The Proposed Regulations required organizations to identify and group their unrelated trades or businesses other than specifically defined “investment activities” using the North American Industry Classification System (“NAICS”), and generally required organizations to separate their activities into the 20 NAICS sectors defined by two-digit codes. The Final Regulations retain the use of NAICS two-digit codes.

In response to requests from commentators for additional guidance regarding how to choose the most accurate NAICS two-digit code, the Final Regulations clarify that the determination of which NAICS two-digit code most accurately describes a trade or business activity is based on the more specific six-digit code that best describes the activity. Furthermore, the Final Regulations clarify that the descriptions in the NAICS manual are relevant to this determination.

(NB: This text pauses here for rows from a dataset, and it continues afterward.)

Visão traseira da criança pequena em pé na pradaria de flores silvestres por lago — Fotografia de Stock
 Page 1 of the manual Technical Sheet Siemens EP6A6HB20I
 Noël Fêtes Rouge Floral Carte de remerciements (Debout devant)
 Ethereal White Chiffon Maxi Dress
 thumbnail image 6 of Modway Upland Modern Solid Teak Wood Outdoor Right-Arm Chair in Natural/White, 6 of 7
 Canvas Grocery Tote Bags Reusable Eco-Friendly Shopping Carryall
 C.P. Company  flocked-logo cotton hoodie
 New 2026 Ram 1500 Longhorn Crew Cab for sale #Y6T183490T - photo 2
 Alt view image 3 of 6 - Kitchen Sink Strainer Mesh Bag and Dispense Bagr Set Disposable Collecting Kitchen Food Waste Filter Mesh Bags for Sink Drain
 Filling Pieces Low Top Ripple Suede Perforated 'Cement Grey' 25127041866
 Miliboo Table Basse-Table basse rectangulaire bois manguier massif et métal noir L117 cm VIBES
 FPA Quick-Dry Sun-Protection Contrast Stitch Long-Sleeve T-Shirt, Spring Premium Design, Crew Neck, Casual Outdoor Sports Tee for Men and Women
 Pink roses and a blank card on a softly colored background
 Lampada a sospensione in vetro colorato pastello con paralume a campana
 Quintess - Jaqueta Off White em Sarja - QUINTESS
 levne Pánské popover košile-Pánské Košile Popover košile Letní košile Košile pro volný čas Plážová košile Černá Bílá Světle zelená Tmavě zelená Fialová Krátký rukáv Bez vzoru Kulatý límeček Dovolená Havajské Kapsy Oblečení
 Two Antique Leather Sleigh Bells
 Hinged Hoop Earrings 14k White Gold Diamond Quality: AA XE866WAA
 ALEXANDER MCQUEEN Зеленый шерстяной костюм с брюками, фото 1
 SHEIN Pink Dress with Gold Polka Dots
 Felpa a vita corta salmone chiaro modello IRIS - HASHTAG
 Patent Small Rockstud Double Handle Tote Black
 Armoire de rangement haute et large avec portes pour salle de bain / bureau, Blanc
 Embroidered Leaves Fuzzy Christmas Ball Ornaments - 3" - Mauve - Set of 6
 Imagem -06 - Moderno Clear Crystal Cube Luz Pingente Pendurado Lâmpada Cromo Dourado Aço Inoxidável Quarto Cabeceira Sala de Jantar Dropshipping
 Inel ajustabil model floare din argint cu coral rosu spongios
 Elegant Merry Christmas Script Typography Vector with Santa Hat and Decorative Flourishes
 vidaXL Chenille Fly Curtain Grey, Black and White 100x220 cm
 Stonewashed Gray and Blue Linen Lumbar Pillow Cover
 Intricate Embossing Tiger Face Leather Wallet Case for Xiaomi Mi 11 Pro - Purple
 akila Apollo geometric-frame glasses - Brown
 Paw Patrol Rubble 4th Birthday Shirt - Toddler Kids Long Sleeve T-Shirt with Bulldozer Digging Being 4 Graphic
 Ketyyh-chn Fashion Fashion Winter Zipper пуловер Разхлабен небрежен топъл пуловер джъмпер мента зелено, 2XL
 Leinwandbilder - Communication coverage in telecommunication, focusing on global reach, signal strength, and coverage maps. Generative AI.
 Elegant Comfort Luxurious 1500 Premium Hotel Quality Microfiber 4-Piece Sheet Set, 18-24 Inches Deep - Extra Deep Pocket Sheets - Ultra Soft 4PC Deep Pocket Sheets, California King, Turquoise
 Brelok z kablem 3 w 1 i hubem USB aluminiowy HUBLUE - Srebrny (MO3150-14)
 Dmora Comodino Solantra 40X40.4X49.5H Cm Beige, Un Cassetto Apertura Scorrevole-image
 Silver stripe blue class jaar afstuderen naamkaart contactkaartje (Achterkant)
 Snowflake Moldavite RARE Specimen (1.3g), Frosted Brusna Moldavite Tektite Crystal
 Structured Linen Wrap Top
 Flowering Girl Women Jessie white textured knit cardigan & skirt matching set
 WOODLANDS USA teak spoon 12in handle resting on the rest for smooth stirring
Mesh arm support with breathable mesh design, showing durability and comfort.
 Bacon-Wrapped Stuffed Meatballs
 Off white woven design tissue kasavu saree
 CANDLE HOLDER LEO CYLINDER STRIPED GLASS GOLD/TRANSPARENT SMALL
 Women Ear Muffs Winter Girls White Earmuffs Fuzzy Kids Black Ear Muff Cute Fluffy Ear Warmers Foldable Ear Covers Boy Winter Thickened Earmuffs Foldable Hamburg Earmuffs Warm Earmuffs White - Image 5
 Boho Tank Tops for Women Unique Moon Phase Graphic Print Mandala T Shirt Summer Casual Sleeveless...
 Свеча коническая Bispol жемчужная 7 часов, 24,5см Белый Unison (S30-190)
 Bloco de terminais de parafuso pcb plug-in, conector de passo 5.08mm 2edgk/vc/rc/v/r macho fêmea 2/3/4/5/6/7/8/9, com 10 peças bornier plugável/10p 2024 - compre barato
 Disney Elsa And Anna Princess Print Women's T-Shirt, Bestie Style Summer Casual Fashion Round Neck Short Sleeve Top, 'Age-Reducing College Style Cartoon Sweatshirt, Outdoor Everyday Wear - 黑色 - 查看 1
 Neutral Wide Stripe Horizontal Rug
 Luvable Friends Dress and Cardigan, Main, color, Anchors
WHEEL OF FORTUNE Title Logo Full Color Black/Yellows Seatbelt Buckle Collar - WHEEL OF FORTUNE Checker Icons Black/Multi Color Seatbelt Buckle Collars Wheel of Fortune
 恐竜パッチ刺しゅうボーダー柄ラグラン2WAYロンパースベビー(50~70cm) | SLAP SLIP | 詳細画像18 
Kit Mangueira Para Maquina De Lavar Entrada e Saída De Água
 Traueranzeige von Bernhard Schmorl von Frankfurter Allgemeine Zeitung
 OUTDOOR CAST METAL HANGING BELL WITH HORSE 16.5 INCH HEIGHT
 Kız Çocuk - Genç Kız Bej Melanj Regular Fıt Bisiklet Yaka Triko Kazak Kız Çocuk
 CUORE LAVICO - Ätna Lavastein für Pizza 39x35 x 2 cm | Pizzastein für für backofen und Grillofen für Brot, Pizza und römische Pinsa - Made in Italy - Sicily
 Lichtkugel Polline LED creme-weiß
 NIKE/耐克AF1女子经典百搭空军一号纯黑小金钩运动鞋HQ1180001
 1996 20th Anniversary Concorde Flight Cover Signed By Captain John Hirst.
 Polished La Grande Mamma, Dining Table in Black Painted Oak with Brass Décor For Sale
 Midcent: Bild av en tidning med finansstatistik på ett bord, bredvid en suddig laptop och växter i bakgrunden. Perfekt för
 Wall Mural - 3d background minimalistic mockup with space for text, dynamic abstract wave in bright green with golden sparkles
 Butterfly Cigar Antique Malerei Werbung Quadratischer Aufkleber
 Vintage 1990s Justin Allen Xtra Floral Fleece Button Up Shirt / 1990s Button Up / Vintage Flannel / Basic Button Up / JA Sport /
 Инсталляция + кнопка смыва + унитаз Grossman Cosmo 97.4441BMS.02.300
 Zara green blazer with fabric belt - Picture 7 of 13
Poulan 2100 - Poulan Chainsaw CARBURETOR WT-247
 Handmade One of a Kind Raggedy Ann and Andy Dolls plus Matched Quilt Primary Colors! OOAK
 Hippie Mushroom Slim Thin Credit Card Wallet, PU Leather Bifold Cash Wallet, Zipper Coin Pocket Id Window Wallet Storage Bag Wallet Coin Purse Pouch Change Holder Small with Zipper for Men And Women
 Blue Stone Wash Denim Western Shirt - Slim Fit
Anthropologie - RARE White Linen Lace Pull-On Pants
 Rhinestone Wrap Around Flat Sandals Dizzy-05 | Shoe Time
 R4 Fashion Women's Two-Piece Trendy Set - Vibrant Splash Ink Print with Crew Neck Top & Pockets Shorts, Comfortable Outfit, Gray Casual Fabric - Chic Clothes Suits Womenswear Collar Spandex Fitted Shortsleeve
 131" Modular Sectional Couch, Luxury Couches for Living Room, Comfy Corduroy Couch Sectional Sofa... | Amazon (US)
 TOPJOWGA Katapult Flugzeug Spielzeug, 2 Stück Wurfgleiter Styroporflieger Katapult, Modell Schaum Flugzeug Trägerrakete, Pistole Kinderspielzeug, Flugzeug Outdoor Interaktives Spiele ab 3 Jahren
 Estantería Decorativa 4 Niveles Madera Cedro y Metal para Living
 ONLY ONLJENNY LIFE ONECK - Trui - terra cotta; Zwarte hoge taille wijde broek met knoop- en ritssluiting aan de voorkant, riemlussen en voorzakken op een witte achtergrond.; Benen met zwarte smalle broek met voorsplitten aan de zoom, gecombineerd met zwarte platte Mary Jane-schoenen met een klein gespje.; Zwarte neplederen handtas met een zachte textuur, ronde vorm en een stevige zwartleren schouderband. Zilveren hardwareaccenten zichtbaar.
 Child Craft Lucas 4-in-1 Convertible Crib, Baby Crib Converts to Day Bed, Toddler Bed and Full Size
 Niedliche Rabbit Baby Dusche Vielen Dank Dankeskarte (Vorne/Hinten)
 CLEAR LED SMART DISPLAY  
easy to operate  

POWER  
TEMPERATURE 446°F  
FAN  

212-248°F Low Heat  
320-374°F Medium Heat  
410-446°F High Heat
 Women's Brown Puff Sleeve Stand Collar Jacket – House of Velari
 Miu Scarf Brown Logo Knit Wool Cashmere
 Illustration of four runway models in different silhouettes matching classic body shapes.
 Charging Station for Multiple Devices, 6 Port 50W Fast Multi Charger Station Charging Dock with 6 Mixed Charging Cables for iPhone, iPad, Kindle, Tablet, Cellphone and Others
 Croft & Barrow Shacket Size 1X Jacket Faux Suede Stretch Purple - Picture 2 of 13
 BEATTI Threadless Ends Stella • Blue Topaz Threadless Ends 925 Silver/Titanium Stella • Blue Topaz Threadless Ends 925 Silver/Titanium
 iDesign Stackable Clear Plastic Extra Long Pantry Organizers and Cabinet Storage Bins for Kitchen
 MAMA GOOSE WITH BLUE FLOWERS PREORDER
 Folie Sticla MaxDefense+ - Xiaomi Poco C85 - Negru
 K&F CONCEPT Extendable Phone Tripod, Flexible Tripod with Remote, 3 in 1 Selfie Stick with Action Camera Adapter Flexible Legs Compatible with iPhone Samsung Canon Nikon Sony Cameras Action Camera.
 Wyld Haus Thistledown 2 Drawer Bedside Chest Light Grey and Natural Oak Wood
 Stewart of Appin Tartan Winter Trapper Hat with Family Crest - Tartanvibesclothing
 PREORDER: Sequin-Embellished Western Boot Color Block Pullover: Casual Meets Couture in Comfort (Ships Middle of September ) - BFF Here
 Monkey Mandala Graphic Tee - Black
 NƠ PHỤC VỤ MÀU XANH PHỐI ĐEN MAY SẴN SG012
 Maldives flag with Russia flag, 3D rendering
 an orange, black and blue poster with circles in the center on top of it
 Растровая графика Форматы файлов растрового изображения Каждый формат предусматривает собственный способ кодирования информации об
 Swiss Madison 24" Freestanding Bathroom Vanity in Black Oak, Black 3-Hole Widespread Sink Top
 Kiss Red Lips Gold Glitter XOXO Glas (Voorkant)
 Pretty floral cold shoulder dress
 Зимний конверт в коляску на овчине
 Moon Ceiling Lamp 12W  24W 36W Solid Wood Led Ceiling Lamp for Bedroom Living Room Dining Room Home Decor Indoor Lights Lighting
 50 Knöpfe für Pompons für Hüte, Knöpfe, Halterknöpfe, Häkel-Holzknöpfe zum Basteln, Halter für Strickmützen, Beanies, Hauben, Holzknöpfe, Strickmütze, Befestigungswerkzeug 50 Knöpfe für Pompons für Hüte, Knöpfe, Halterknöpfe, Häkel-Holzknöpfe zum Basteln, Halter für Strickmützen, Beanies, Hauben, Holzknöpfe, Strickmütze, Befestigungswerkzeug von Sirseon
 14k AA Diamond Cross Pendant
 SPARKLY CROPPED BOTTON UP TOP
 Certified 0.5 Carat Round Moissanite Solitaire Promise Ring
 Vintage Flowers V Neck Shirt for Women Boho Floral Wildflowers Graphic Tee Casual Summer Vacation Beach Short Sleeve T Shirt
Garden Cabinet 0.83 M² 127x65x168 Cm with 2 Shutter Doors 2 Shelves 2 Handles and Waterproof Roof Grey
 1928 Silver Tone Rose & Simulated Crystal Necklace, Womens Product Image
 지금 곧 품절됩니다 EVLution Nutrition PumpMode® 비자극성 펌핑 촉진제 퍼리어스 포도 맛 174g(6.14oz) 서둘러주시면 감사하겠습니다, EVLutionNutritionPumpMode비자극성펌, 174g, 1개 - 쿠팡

The Final Regulations also remove the restriction in the Proposed Regulations that would have prohibited an organization from changing its NAICS two-digit code unless it showed that (a) the code chosen was due to unintentional error and (b) another code more accurately described the unrelated trade or business. Instead, the Final Regulations simply require that the organization report a change on Form 990-T in the taxable year in which it occurs (including a change in identification of a separate unrelated trade or business with respect to a partnership interest that was incorrectly designated as a qualifying partnership interest).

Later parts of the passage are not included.